The automatic International Classification of Diseases (ICD) coding task assigns unique medical codes to diseases in clinical texts for further data statistics, quality control, billing and other tasks. The efficiency and accuracy of medical code assignment is a significant challenge affecting healthcare. However, in clinical practice, Electronic Health Records (EHRs) data are usually complex, heterogeneous, non-standard and unstructured, and the manual coding process is time-consuming, laborious and error-prone. Traditional machine learning methods struggle to extract significant semantic information from clinical texts accurately, but the latest progress in Deep Learning (DL) has shown promising results to address these issues.
This paper comprehensively reviewed recent advancements in utilizing deep learning for automatic ICD coding, which aimed to reveal prominent challenges and emerging development trends by summarizing and analyzing the model's year, design motivation, deep neural networks, and auxiliary data.
This review introduced systematic literature on automatic ICD coding methods based on deep learning. We screened 5 online databases, including Web of Science, SpringerLink, PubMed, ACM, and IEEE digital library, and collected 53 published articles related to deep learning-based ICD coding from 2017 to 2023.

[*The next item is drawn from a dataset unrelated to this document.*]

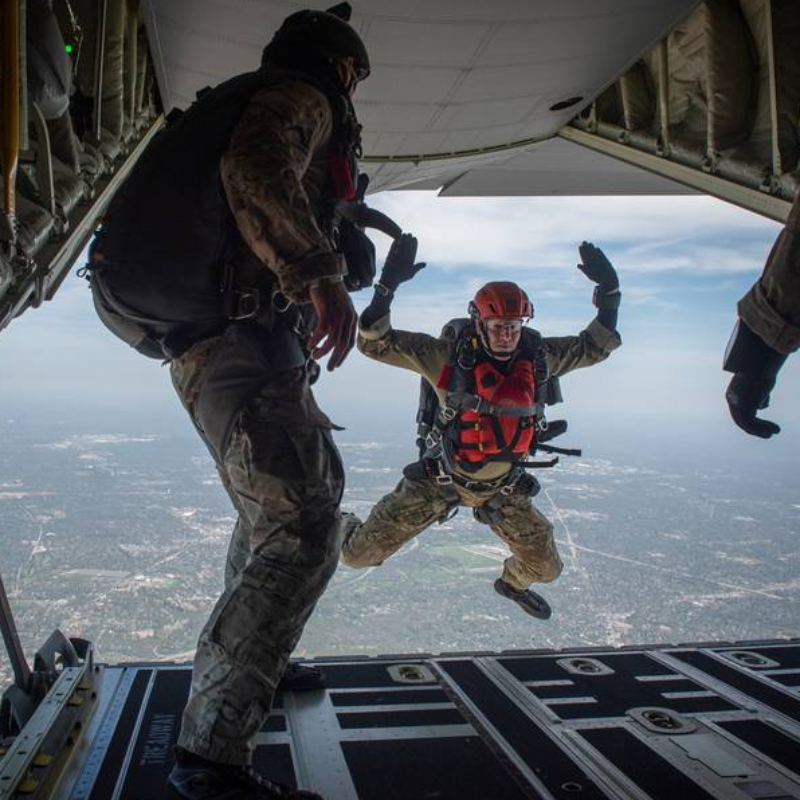Marinetimes's tweet photo. In our weekly #GoodNews report: a healthy dose of all-around 🏋 fitness training, bonus 💸 incentives for some service members to reenlist, veterans unemployment rates remain steady, and more. Scroll through for a dose of positivity.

These deep neural network methods aimed to overcome some challenges, such as lengthy and noisy clinical text, high dimensionality and functional relationships of medical codes, and long-tail label distribution. The Convolutional Neural Networks (CNNs), Recurrent Neural Networks (RNNs), attention mechanisms, Transformers, Pre-trained Language Models (PLMs), etc, have become popular to address prominent issues in ICD coding. Meanwhile, introducing medical ontology within the ICD coding system (code description and code hierarchy) and external knowledge (Wikipedia articles, tabular data, Clinical Classification Software (CCS), fine-tuning PLMs based on biomedical corpus, entity recognition and concept extraction) has become an emerging trend for automatic ICD coding.
This paper provided a comprehensive review of recent literature on applying deep learning technology to improve medical code assignment from a unique perspective. Multiple neural network methods (CNNs, RNNs, Transformers, PLMs, especially attention mechanisms) have been successfully applied in ICD tasks and achieved excellent performance. Various medical auxiliary data has also proven valuable in enhancing model feature representation and classification performance. Our in-depth and systematic analysis suggested that the automatic ICD coding method based on deep learning has a bright future in healthcare. Finally, we discussed some major challenges and outlined future development directions.
自动国际疾病分类(ICD)编码任务为临床文本中的疾病分配唯一的医学代码,以用于进一步的数据统计、质量控制、计费及其他任务。医学代码分配的效率和准确性是影响医疗保健的一项重大挑战。然而,在临床实践中,电子健康记录(EHR)数据通常复杂、异构、不标准且无结构,手动编码过程耗时、费力且容易出错。传统机器学习方法难以从临床文本中准确提取重要的语义信息,但深度学习(DL)的最新进展已显示出解决这些问题的良好前景。
本文全面回顾了利用深度学习进行自动ICD编码的最新进展,旨在通过总结和分析模型的年份、设计动机、深度神经网络及辅助数据,揭示突出挑战和新兴发展趋势。
本综述介绍了基于深度学习的自动ICD编码方法的系统文献。我们筛选了5个在线数据库,包括科学网、施普林格链接、PubMed、美国计算机协会和电气与电子工程师协会数字图书馆,并收集了2017年至2023年期间53篇与基于深度学习的ICD编码相关的已发表文章。
这些深度神经网络方法旨在克服一些挑战,如冗长且有噪声的临床文本、医学代码的高维度和功能关系以及长尾标签分布。卷积神经网络(CNN)、循环神经网络(RNN)、注意力机制、Transformer、预训练语言模型(PLM)等已广泛用于解决ICD编码中的突出问题。同时,在ICD编码系统(代码描述和代码层次结构)中引入医学本体以及外部知识(维基百科文章、表格数据、临床分类软件(CCS)、基于生物医学语料库微调PLM、实体识别和概念提取)已成为自动ICD编码的一个新兴趋势。
本文从独特视角对应用深度学习技术改进医学代码分配方面的近期文献进行了全面综述。多种神经网络方法(CNN、RNN、Transformer、PLM,尤其是注意力机制)已成功应用于ICD任务并取得了优异性能。各种医学辅助数据在增强模型特征表示和分类性能方面也已证明具有价值。我们深入且系统的分析表明,基于深度学习的自动ICD编码方法在医疗保健领域有着光明的前景。最后,我们讨论了一些主要挑战并概述了未来的发展方向。